Sr. Software Engineer Resume
VA
SUMMARY:
- 7+ years of intensive experience in development environments within cross - platform systems
- Extensive experience implementing and maintaining Open-Source Distributed System (Hadoop Echo System), Search Engine solutions
- Diverse experience includes developing reporting and procedural standards
- Diagnosing and resolving complex technical problems in cross-platform systems
- Engineering and management as well as performance monitoring and capacity planning on distributed systems
- Extensive knowledge of Software Development Life Cycle (SDLC)
TECHNICAL SKILLS:
Languages: Bash/Shell Scripting, SQL, Java, JSON, CSS, XML/XSLT, XPath, XQuery
Platform: UNIX, Linux, Windows, VMware, VirtualBox, Hyper-V
Database & Data warehousing Tools: MS SQL, MySQL, Hbase, Postgres, Redshift
Distributed System: Apache Hadoop Ecosystem, Hadoop HDFS, YARN, HBase, ZooKeeper, Pig, Hive, Scoop, Flume, Spark, Falcon, Ambari, Apache Solr/Lucene (SolrCloud), SplunkIT infrastructure frameworks & monitoring: Cloudera Manager, Cloud AWS infrastructure (EMR, EC2, S3), Lucidworks Fusion, Hortonworks HDP & HDF, Cloudera Distribution for Hadoop (CDH4, CDH3), Nagios, Kibana/Banana, Ambari
Web & Application Servers: Apache web Server, Jetty, Tomcat, Jboss
Networking: TCP/IP, DNS, LAN/WAN, NAT, LDAP/AD
Analysis/Design Methodologies: Scrum Agile, UML, REST
Others: MS Visio, Subversion, Selenium, Puppet, Kerberos, Knox, Ranger
EXPERIENCE:
Confidential, VA
Sr. Software Engineer
Responsibilities:
- Designed, Provisioned, maintained and upgraded Search Application Lucidworks Fusion (SolrCloud) in AWS GovCloud, Redhat Linux hosts
- Setup and configured monitoring tools, New Relic and Zabbix
- Provided data management and indexing solutions for governmental agencies
- Leveraged daily Scrum/Agile meetings to communicate and clarify issues and solutions
- Took lead on migration of the application from GovCloud to a new AWS environment
- Designed, installed and configured HDP-Hadoop cluster in AWS on Linux hosts
- Leveraged Splunk for log aggregation and stacks troubleshooting
Confidential, Washington, DC
Sr.
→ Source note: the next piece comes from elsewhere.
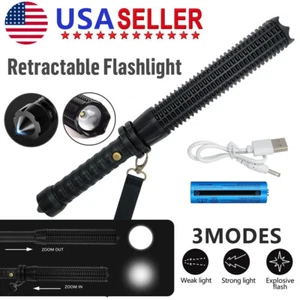 Brightness LED Flashlight Telescopic Zoom Rechargeable Security Torch 3 Modes - Picture 1 of 13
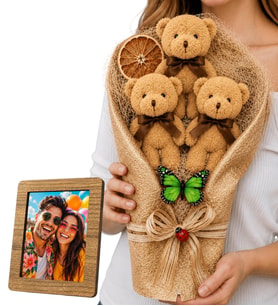 Peluş Ayıcık Buketi Hediyesi Ahşap Fotoğraf Çerçeveli Büyük Boy Kahverengi Peluş Ayıcık Buketi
Big Data Infrastructure Engineer
Responsibilities:
- Designed, provisioned, configured and upgraded HDP 2.6.3 clusters include: Hadoop, YARN, HDFS, Zookeeper, Solr, Oozie, Flume, Hive, HBase, Kafka, Spark
- Setup and configured Ambari 2.6 for provisioning and monitoring
- Setup external solrcloud 7.1 cluster on Ambari and configured backup and recovery
- Setup firewallD in Redhat 7
- Setup Nagios for monitoring 27 Hadoop clusters with over 217 hosts, virtual machine and bare metal Redhat Linux 6 and 7 servers
- Setup and configured Puppet for automation
- Knowledge transfer with team members
Confidential, NYC
Big Data & Solr Engineer
Responsibilities:
- Designed and installation of HDP 2.2 cluster includes 20 nodes on RedHat Linux environment
- Setup and configure HDP cluster high availability
- Set up Ambari 2.1 for provisioning, managing and monitoring Hadoop cluster
- Secured Hadoop clusters with Kerberos, LDAP, Ranger and Knox
- Setup and auto-configured Hadoop cluster in Puppet environment
- Installation, configuration, and administration of HDP Stack includes services HBase, Solr, Hive, YARN, Oozie, Flume, Kafka, Spark and HDFS
- Setup and configured Nagios and Ambari to leverage system health check, metrics collection and alert framework
- Setup back-up system and Snapshot data replication for HDFS using Falcon
- Setup and configured SolrCloud Cluster with ensemble ZooKeeper cluster and Kibana/Banana data visualization
Confidential, MD
Software Search Engineer
Responsibilities:
- Designed and initiated a prototype for “ Confidential -Drug-Labels Indexing Solutions”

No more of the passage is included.